"He didn't," Dave chuckled. "He didn't say a thing—to me. He just walked off, muttering something about all Yanks being a little balmy."

"And he wasn't far from wrong!" Freddy Farmer leaped at the opening. "Particularly in your case. But let's start on back to the tarmac, shall we? They should be starting up the engines for a brief warm-up soon. And it isn't good to, give the other chaps the idea that we're trying to snub them."

"Nuts!" Dave snorted. "Those guys are regular. They wouldn't think anything like that, ever. But let's get on back, anyway. I want to give my bus one more check, just for something to do. Oh-oh! There go some of the egg boys. Happy landings, fellows! And smack them plenty, the bums!"

As Dave spoke the last he and Freddy threw back their heads and stared up into the dark sky that was suddenly filled with the roaring thunder of many bombers winging out across the Channel to "lay" their "eggs" as planned. For a couple of minutes both sky and earth trembled from the steady thunder of powerful engines. Then gradually it faded away in the southeast.
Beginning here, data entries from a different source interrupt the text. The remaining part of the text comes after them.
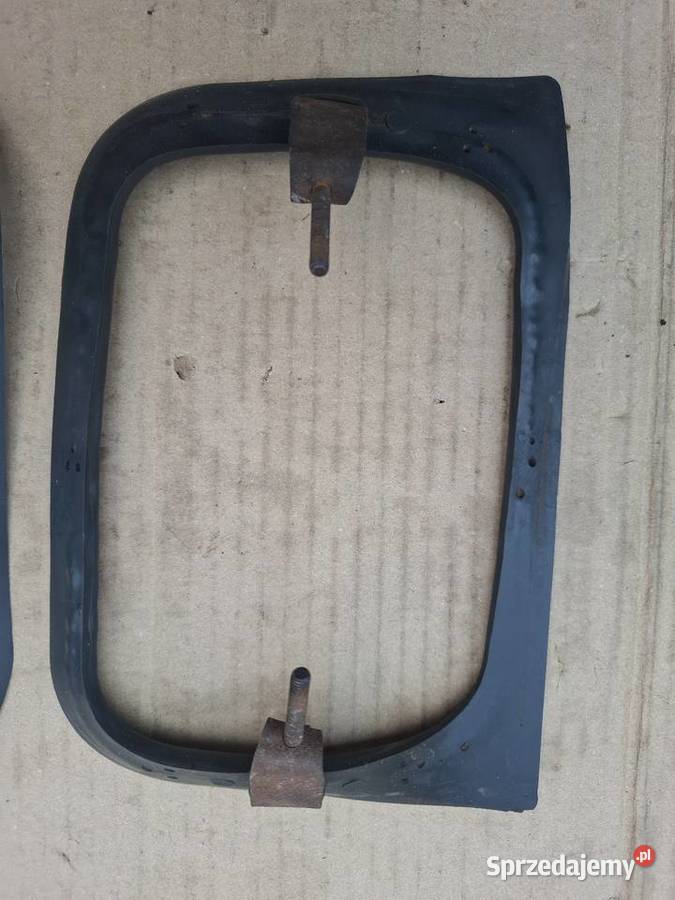 Zewnętrzne ramki reflektorów przednich Fiat 126p Strzelce Opolskie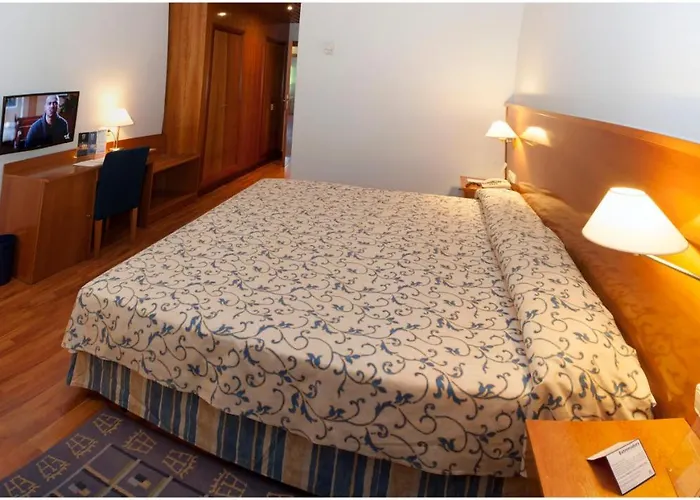 Ξενοδοχείο Extremadura 4*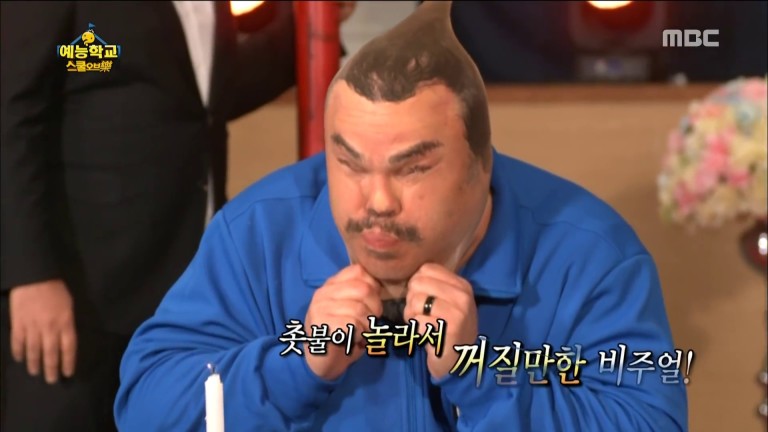 L’acteur Jack Black souffle une bougie avec un collant sur la tête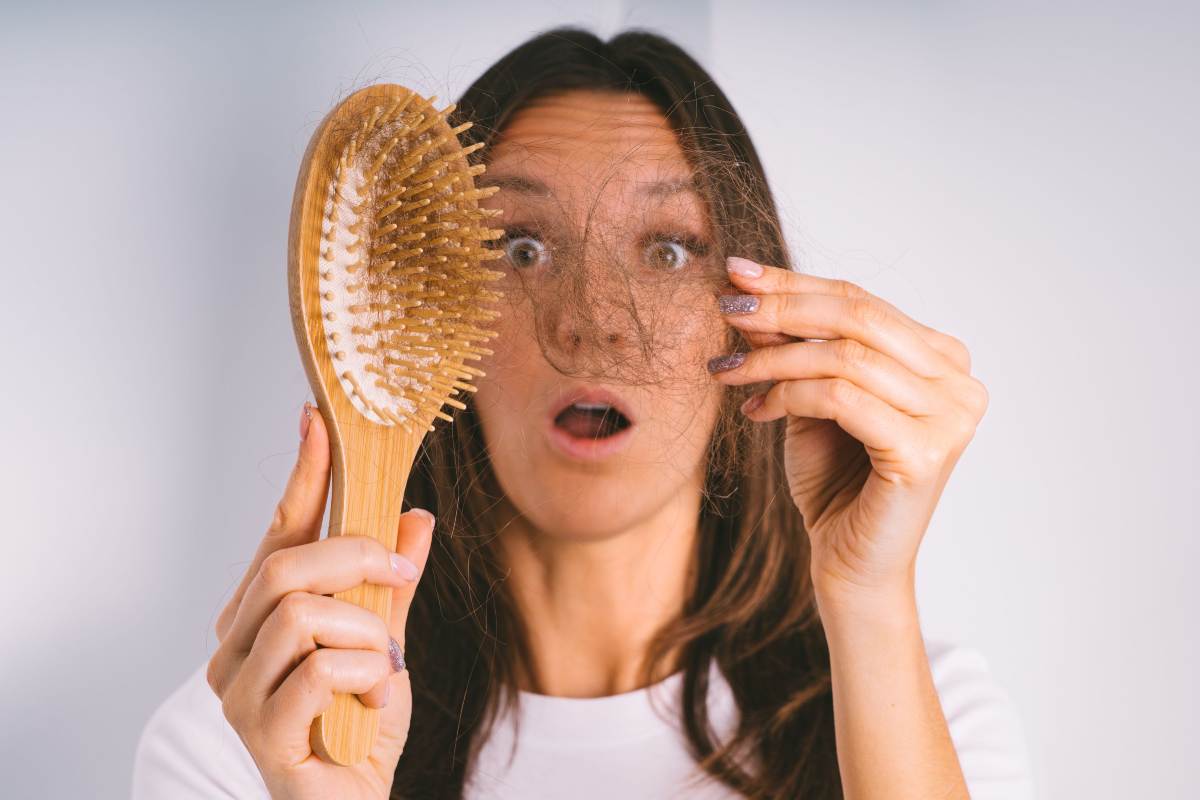 Ragazza sconvolta dalla quantità di capelli sulla spazzola
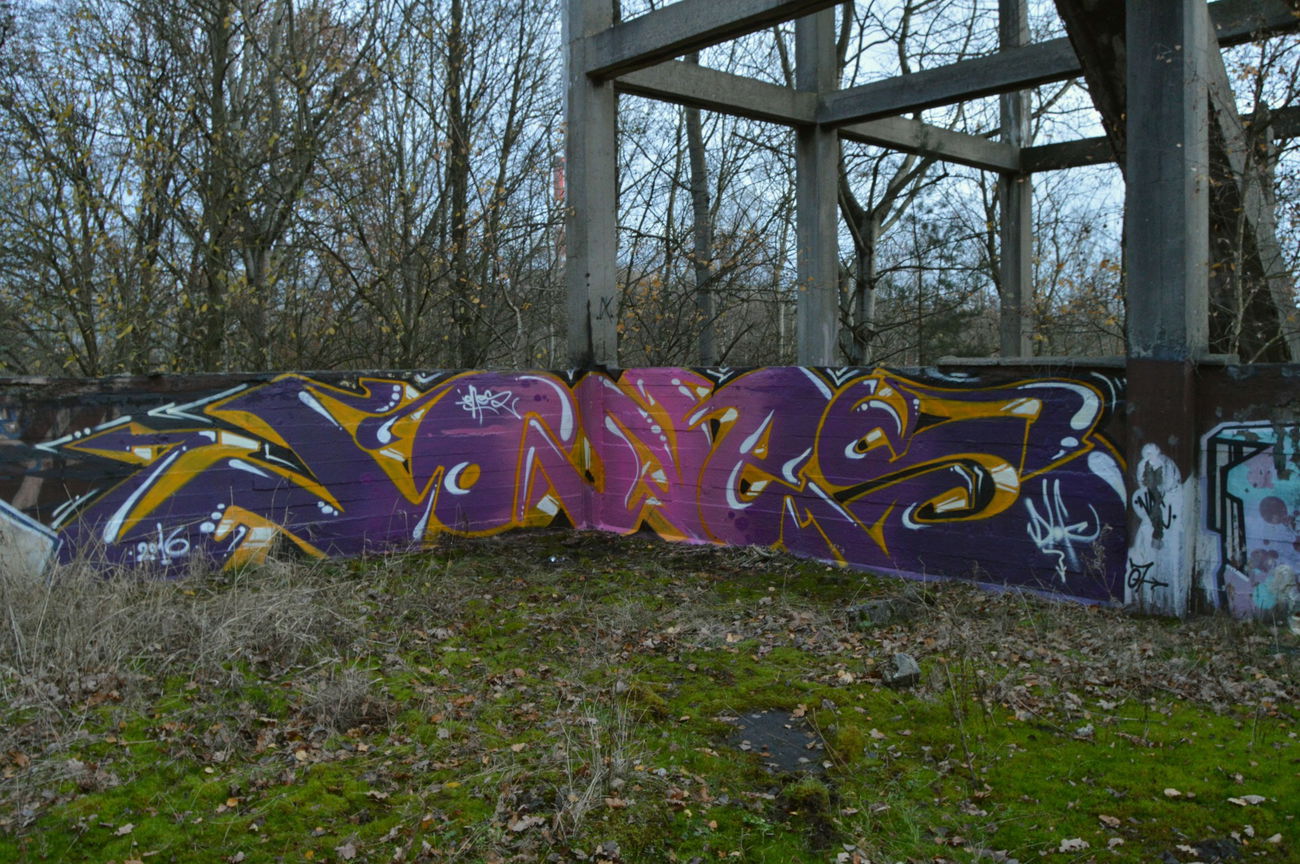 Graffiti Wall - Photo by shiver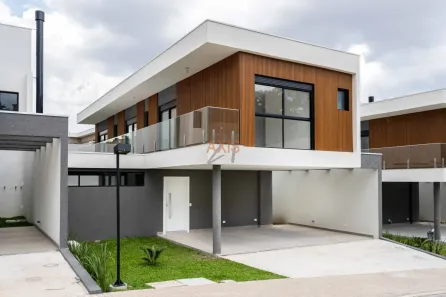 Casa de Condomínio com 4 Quartos à venda, 256m² no Santo Inácio, Curitiba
"Boy! That was a bunch of them!" Dave exclaimed with a whistle. "The whole raid area will probably be flat as a pancake by the time the Commando troops arrive. Gosh! I hope their eggs don't scare von Staube and von Gault away!"

"Or make the blighters hide in some bomb shelter where we can't find them!" Freddy echoed with a little nervous laugh. "Well, let's buzz over. There's the first of the Merlins starting up. Getting close now, Dave."

Dawson didn't comment. He licked his suddenly dry lips, swallowed hard a couple of times, and hurried with Freddy across the drome to the line of twenty-one Spitfires on the tarmac. Pilots gathered in small groups were breaking up, each man going over to his plane. Dave went over to his, and Freddy to his own which was next to it. Both knew their planes by heart, but from force of habit they each made one last and final check, and found every little thing just as they knew it would be.

Then they met between the two planes and waited for the engine fitters to climb in the pits and kick the Merlins into life. The whole drome, now, was echoing and re-echoing to the roar of Merlin engines. But to Dave and Freddy, and everybody else for that matter, the thunderous roar was the sweetest music on earth.

"Well, have you two got it all straight, eh?"

They both spun around at the sound of the voice shouting above the Merlins' roar. Squadron Leader Parkinson stood there dressed and ready for flight. He was calmly smoking a cigarette, but there was a flashing, eager-to-be-off look in his eyes. Dave nodded and answered for himself and Freddy.